(Short web captions)
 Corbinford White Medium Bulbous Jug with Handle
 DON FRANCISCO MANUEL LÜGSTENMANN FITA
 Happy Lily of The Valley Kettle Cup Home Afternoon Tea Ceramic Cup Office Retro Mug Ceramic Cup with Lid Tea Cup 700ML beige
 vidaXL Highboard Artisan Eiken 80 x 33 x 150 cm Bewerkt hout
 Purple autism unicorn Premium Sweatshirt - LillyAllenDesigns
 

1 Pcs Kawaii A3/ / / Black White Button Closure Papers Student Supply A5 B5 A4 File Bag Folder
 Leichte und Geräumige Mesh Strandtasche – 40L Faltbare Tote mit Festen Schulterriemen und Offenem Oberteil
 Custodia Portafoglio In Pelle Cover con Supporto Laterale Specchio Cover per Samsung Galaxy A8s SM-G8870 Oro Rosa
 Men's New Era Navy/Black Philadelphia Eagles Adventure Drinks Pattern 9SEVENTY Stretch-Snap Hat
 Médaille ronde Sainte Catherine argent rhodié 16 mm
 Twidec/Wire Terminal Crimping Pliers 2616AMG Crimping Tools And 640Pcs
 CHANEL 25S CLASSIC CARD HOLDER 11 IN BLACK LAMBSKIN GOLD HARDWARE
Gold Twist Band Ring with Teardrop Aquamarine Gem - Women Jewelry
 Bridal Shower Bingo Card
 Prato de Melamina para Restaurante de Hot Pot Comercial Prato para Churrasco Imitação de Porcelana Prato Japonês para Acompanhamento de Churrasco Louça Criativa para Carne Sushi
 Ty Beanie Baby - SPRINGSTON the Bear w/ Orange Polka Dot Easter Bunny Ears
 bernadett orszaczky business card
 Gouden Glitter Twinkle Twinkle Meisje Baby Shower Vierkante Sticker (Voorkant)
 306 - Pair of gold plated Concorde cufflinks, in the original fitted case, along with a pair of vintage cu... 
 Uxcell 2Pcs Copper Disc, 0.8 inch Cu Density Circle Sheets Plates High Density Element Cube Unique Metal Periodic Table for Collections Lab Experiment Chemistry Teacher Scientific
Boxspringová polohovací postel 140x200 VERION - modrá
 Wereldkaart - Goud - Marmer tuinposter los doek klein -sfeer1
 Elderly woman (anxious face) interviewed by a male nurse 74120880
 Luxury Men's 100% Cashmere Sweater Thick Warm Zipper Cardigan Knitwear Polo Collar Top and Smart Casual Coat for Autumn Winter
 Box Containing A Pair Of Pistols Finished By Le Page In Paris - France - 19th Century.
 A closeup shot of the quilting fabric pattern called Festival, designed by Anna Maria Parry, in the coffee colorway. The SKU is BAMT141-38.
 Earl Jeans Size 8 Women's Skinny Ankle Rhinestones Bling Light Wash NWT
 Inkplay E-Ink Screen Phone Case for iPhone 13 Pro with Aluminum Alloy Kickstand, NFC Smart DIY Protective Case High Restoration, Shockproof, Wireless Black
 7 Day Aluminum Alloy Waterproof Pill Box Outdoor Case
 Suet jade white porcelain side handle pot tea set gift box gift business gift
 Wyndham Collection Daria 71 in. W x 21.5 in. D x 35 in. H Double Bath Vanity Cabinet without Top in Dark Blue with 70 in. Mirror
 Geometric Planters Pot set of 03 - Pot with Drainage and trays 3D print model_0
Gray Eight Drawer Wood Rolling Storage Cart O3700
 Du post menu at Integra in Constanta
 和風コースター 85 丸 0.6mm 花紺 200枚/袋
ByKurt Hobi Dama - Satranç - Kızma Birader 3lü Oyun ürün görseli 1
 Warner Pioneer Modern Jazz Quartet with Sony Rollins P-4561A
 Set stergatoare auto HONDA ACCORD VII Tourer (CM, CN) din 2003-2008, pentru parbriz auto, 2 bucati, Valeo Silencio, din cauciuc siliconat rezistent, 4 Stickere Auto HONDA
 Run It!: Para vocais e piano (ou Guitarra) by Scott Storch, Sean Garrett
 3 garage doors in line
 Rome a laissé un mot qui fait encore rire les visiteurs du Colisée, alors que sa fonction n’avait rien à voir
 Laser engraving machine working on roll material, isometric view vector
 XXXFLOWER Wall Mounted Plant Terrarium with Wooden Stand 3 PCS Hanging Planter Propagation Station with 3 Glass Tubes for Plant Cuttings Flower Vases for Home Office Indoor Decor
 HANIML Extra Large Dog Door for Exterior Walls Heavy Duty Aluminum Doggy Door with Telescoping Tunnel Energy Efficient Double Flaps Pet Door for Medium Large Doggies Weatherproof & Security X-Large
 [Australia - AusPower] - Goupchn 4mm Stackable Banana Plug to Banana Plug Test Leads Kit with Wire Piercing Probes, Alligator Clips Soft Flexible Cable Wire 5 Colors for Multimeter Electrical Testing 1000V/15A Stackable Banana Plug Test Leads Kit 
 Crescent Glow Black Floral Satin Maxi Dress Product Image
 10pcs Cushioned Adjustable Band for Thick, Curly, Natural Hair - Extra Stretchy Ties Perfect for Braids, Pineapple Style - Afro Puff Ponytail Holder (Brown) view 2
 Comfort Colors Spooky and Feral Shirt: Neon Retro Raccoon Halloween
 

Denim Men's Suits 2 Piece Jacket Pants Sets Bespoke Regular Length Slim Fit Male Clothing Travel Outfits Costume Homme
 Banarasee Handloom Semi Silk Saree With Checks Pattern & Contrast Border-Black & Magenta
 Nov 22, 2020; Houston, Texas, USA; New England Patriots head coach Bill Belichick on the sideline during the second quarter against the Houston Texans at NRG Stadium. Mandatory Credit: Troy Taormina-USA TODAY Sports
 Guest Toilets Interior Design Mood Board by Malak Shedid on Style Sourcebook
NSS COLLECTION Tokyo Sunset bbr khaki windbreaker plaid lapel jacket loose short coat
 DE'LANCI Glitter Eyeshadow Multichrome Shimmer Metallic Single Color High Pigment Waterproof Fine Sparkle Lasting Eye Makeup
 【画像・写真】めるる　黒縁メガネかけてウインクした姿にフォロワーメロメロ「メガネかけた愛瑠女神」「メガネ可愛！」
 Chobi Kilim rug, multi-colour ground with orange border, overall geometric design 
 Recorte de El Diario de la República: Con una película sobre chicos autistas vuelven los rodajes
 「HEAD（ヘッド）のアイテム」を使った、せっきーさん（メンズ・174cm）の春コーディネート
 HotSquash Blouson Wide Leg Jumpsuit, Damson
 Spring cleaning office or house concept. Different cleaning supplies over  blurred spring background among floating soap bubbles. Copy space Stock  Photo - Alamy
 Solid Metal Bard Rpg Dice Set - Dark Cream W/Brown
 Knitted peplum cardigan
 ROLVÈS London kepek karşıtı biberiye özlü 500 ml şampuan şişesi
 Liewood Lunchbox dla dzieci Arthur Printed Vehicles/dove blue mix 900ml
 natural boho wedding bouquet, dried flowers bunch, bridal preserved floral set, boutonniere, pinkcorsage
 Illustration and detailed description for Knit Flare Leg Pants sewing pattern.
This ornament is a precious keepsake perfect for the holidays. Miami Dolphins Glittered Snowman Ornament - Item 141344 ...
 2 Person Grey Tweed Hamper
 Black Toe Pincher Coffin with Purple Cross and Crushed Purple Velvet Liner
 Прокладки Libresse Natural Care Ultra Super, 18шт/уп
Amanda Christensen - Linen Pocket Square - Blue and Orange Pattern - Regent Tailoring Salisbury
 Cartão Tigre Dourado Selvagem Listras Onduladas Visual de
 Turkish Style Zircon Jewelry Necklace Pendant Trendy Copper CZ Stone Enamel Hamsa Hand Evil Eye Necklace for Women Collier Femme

■ EXERCISE DETAILS:
The reply should consist solely of the lines of the data, exact, from the opening line through the line with "Bridal Shower Bingo Card", inclusive.

■ SOLUTION TO THIS PROBLEM:
 Corbinford White Medium Bulbous Jug with Handle
 DON FRANCISCO MANUEL LÜGSTENMANN FITA
 Happy Lily of The Valley Kettle Cup Home Afternoon Tea Ceramic Cup Office Retro Mug Ceramic Cup with Lid Tea Cup 700ML beige
 vidaXL Highboard Artisan Eiken 80 x 33 x 150 cm Bewerkt hout
 Purple autism unicorn Premium Sweatshirt - LillyAllenDesigns
 

1 Pcs Kawaii A3/ / / Black White Button Closure Papers Student Supply A5 B5 A4 File Bag Folder
 Leichte und Geräumige Mesh Strandtasche – 40L Faltbare Tote mit Festen Schulterriemen und Offenem Oberteil
 Custodia Portafoglio In Pelle Cover con Supporto Laterale Specchio Cover per Samsung Galaxy A8s SM-G8870 Oro Rosa
 Men's New Era Navy/Black Philadelphia Eagles Adventure Drinks Pattern 9SEVENTY Stretch-Snap Hat
 Médaille ronde Sainte Catherine argent rhodié 16 mm
 Twidec/Wire Terminal Crimping Pliers 2616AMG Crimping Tools And 640Pcs
 CHANEL 25S CLASSIC CARD HOLDER 11 IN BLACK LAMBSKIN GOLD HARDWARE
Gold Twist Band Ring with Teardrop Aquamarine Gem - Women Jewelry
 Bridal Shower Bingo Card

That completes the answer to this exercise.